This is actually the entire correct argument against determinism, as usually conceived.
I applaud such concise statements. This particular replaces and supercedes countless weighty philosophical volumes. It also demonstrates why philosophy is mostly about language.
It’s analogous to “The Purpose of Life” or “The Meaning of Life”. “Purpose,” if it is to make any sense, implies a what or a who for which there is a purpose. “The purpose” of anything is its purpose to someone or some entity that has at least some qualities similar to those of sentient beings (if not exclusively humans). To take that being out of the statement and talk of a purpose external to some being makes no sense.
Humans, among other sentient beings, can make determinations, because we can have intent. We can determine events, we can cause events. To speak of determinism anthropomorphises the world. Absent God (a god with some human-like qualities, a personal god, a god with a personality - a theistic god), the notion of determinism has a problem more serious than that is is nowhere demonstrated - it makes no literal sense. If you can grow a science out of theism, you don’t really need the science. You just need a messiah.
Causality is likewise, when made a universal quality of the universe, an antropomorphisation.
People all too often confuse “purpose” with “cause”, extrapolating on their common relationship. But I seldom see people confusing willful determination with aberrant determination.
Each situation determines the next. I can’t envision anyone confusing that statement with “Each situation ponders and chooses which situation to cause next”, except by quantum physics geeks intentionally promoting multiverse worship. Although in Ancient India and the Middle East, such anthropomorphisms were very common (and are still a very large part of their language, much as gendered words throughout Europe).
Your God is your situation (partly intelligently responding, partly not, as with all intelligence).
Determinism implies patterns. Cause and purpose can be understood as having intrinsic patterns, developing, or imminently forming. The concept -
consciousness, which has likewise intrinsic functional
equivalents, is imbued with the possibility of developing languages. Languages are a means of identifying things, and communicating them, in
accordance to the rules of language.
Causes and effect, subscribe to such rules and, these rules in turn, subscribe the causes, then the effects of
conscious identification.
There is nothing anthropomorphic in these processes,
determination is a procedural sequence of cognitive
events, where consciousness is effected by causal schematics. Determination seemed built into the progressive need to identify conscious effects toward
lessening feedback loops of information, where, less
and less referencial loops imply more and more inclusive referents. If this process is carried on, the final cause is simply the all inclusive, albeit
totally referential and all inclusive, unthinkable ‘thing’ , we call God.

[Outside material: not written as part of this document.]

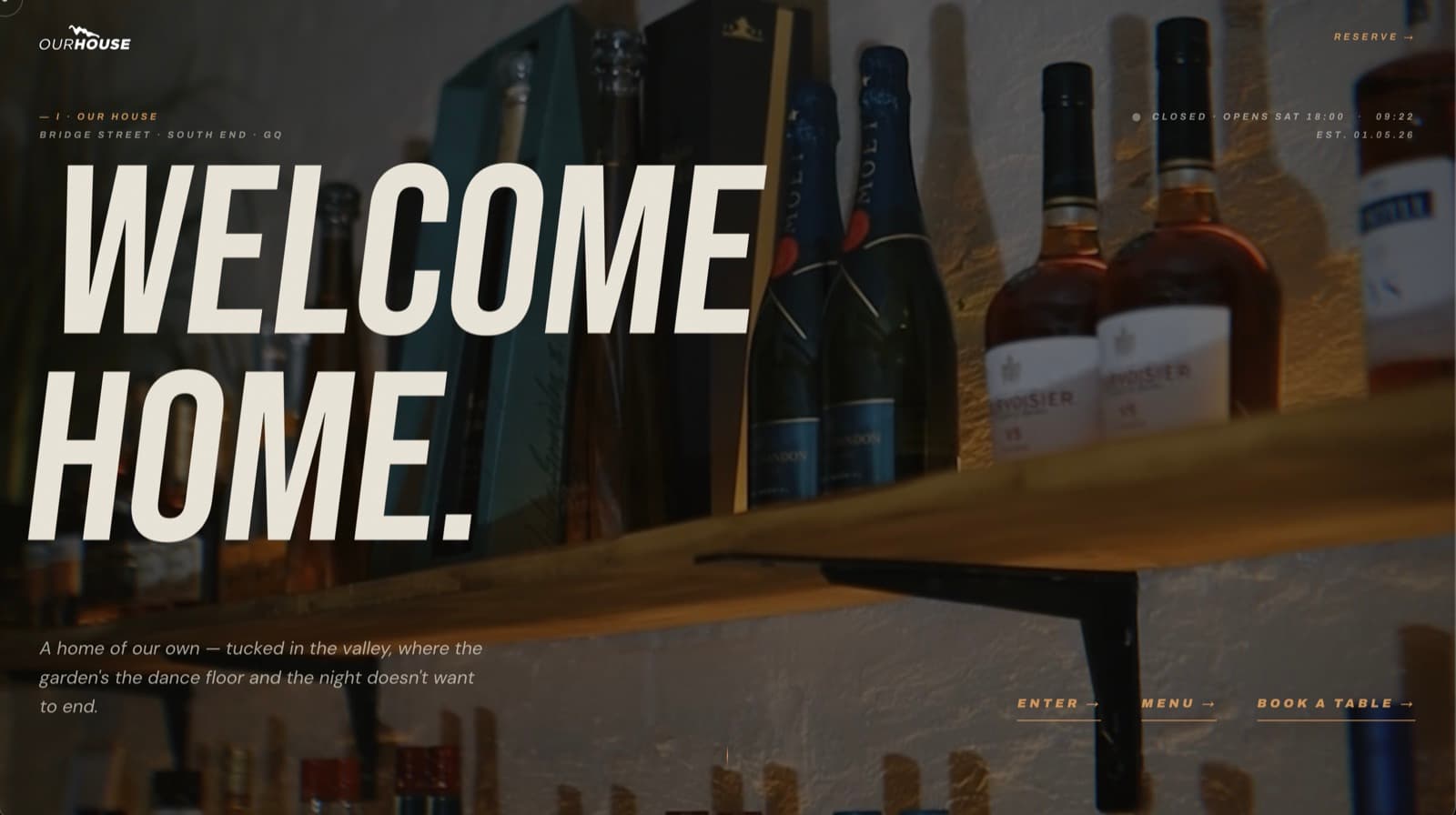 Our House homepage hero — ‘Welcome home’ set over the bar shelf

This can not be argued against, because God merely is a convenient and mysterious thing, which can not be further reduced, referenced, or discribed.
Depends on the nature of the cogniserizer. That’s totally a word btw. Crustaceanomorphic, if there’s crab aliens around maybe.
Life is generally a ‘who or a what’, so why can’t it self-designate a purpose…? ‘Meaning of life’ is a poser though, I’ll admit.
I think if you’re picking bones with ‘causally determined’ you’ve stopped and tried to step out of something which cannot be stopped, nor stepped out of. In a causally determined universe essentially, there’s a boom, then sometime afterward, a kinda imploded splatty sound, and nothing in between except dominoes.
Tab - I have no beef with cause and effect. I just see no reason to think that it obtains everywhere and always. Nor to think that causal chains are connected anywhere near to the extent to allow a deterministic universe. Maybe I’m just missing something. Or maybe others are just making stuff up.
Maybe I’m thick, but I gotta ask for an example of a time or a place where cause and effect don’t occur in the mundane fashion I observe day to day.
Causal chains are a bit of a linear conceptualization, causal webs only slightly better, a sort of gloopy mess with pools, dislocations in time and space, causes waiting to happen, recursions and refluxes better still. We’re either physical parts of the universe, or not.
Or are you talking about non-physical constructs, like money etc…? I suppose a case could be made to exempt those on technicalities, though an equal and opposite case could made based on their (physical) representations in the brains of the collective.
Quantum gets a bit sketchy with superpositions and observers, but the observer doesn’t need to be sentient, conscious or allegedly free-willed, a completely deterministic brick wall in the right place and time will do just fine as well.
Sorry if any words were hurt in the creation of this post.